(SUPPLIED RECORDS):
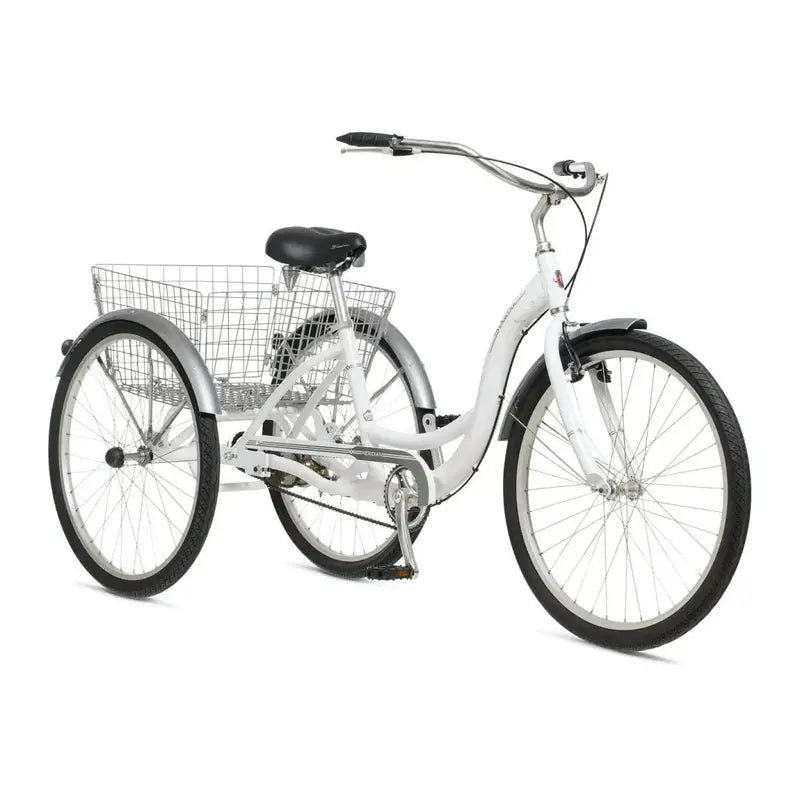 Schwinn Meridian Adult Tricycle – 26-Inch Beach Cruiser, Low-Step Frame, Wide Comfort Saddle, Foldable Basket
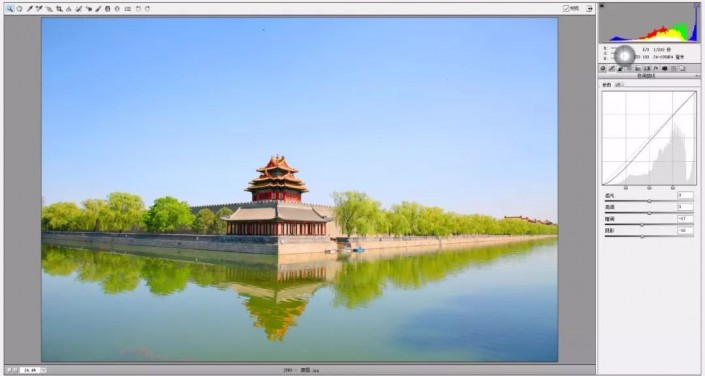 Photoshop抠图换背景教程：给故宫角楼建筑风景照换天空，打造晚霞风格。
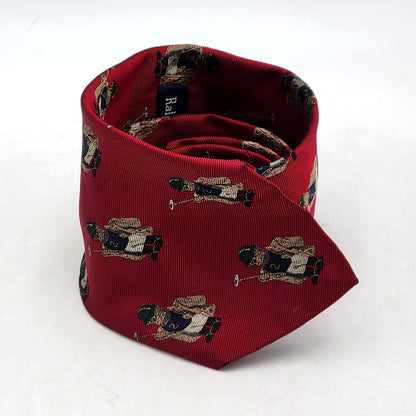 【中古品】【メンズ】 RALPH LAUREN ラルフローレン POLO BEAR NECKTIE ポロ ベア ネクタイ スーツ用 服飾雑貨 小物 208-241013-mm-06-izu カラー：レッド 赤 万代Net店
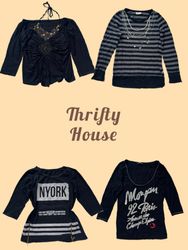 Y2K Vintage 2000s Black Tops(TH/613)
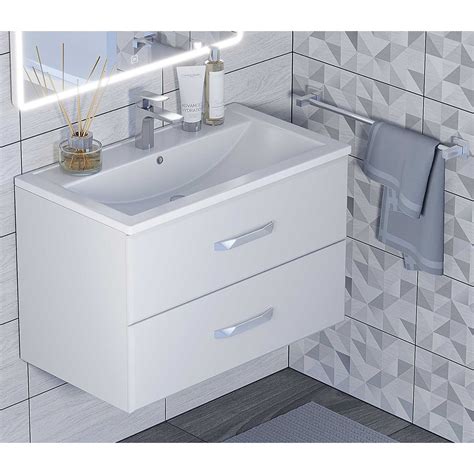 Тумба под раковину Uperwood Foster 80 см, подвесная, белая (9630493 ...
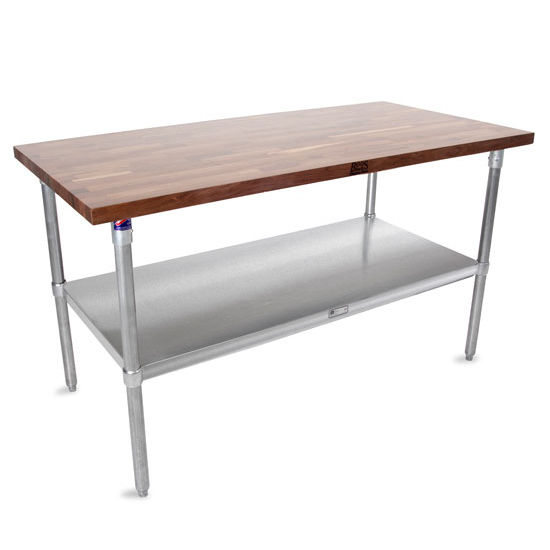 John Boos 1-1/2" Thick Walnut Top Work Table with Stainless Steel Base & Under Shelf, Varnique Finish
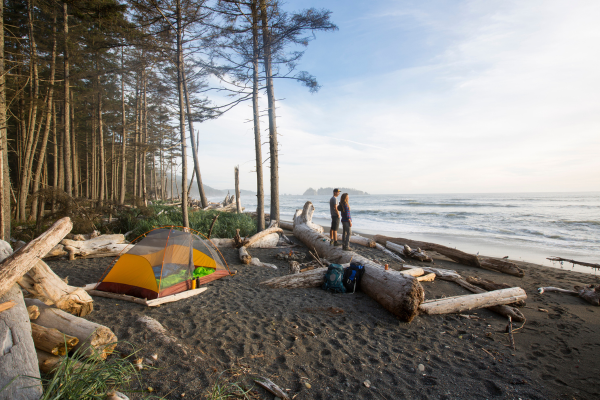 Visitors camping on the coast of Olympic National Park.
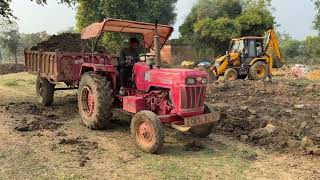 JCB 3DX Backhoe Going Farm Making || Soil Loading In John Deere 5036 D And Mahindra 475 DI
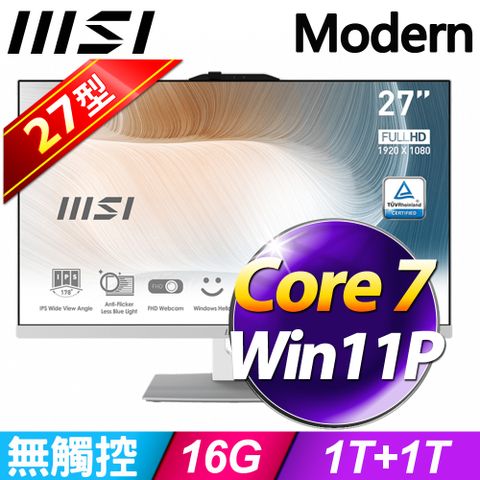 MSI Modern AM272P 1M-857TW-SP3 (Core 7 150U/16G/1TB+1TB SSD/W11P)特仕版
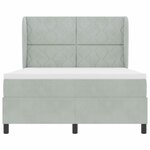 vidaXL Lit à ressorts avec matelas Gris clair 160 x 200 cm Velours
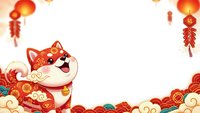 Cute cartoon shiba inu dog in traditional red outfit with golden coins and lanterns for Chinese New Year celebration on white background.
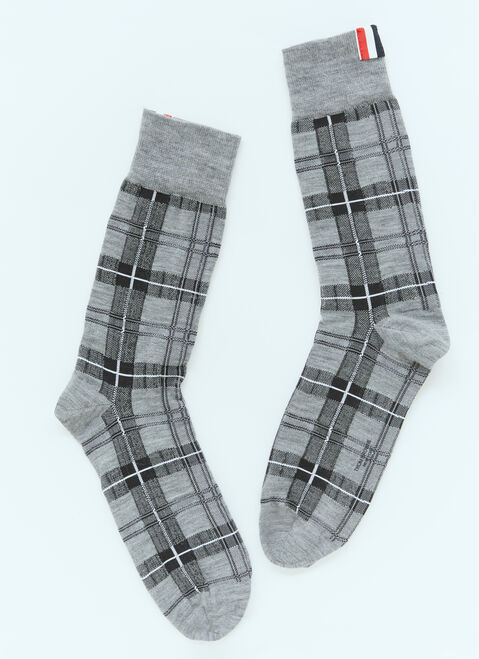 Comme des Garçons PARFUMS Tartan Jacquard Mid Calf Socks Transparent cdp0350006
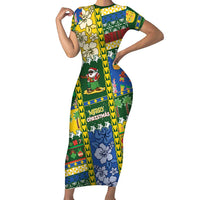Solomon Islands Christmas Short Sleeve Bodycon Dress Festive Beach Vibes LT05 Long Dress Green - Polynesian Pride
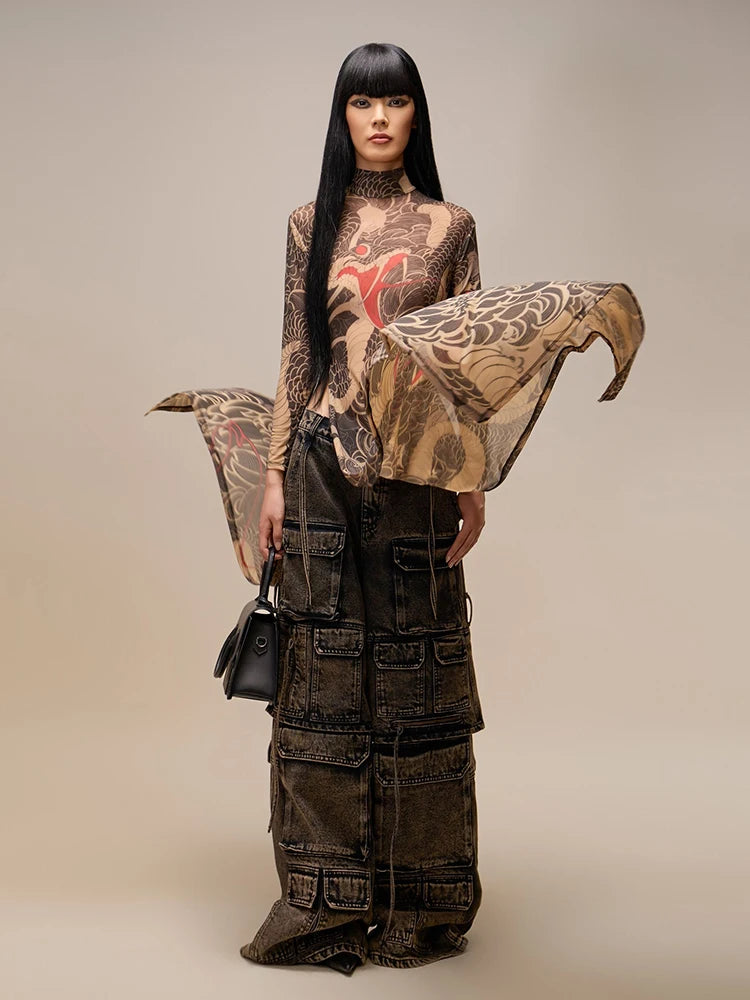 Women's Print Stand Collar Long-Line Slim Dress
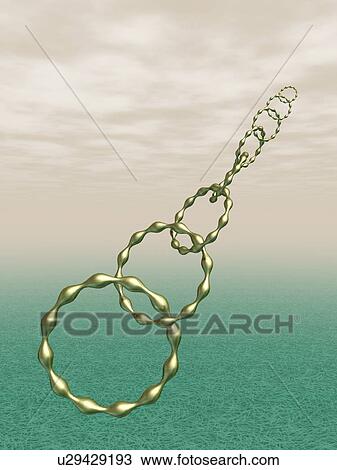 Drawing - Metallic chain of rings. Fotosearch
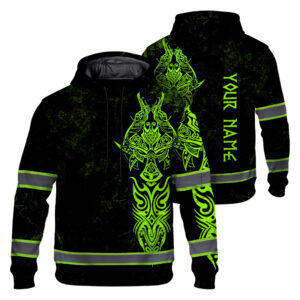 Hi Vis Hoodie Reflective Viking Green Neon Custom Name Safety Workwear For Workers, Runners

(WHAT YOU ARE ASKED TO DO): Leaving every image behind, repeat the data in full and exactly.

(RESPONSE BOX):
 Schwinn Meridian Adult Tricycle – 26-Inch Beach Cruiser, Low-Step Frame, Wide Comfort Saddle, Foldable Basket
 Photoshop抠图换背景教程：给故宫角楼建筑风景照换天空，打造晚霞风格。
 【中古品】【メンズ】 RALPH LAUREN ラルフローレン POLO BEAR NECKTIE ポロ ベア ネクタイ スーツ用 服飾雑貨 小物 208-241013-mm-06-izu カラー：レッド 赤 万代Net店
 Y2K Vintage 2000s Black Tops(TH/613)
 Тумба под раковину Uperwood Foster 80 см, подвесная, белая (9630493 ...
 John Boos 1-1/2" Thick Walnut Top Work Table with Stainless Steel Base & Under Shelf, Varnique Finish
 Visitors camping on the coast of Olympic National Park.
 JCB 3DX Backhoe Going Farm Making || Soil Loading In John Deere 5036 D And Mahindra 475 DI
 MSI Modern AM272P 1M-857TW-SP3 (Core 7 150U/16G/1TB+1TB SSD/W11P)特仕版
 vidaXL Lit à ressorts avec matelas Gris clair 160 x 200 cm Velours
 Cute cartoon shiba inu dog in traditional red outfit with golden coins and lanterns for Chinese New Year celebration on white background.
 Comme des Garçons PARFUMS Tartan Jacquard Mid Calf Socks Transparent cdp0350006
Solomon Islands Christmas Short Sleeve Bodycon Dress Festive Beach Vibes LT05 Long Dress Green - Polynesian Pride
 Women's Print Stand Collar Long-Line Slim Dress
 Drawing - Metallic chain of rings. Fotosearch
 Hi Vis Hoodie Reflective Viking Green Neon Custom Name Safety Workwear For Workers, Runners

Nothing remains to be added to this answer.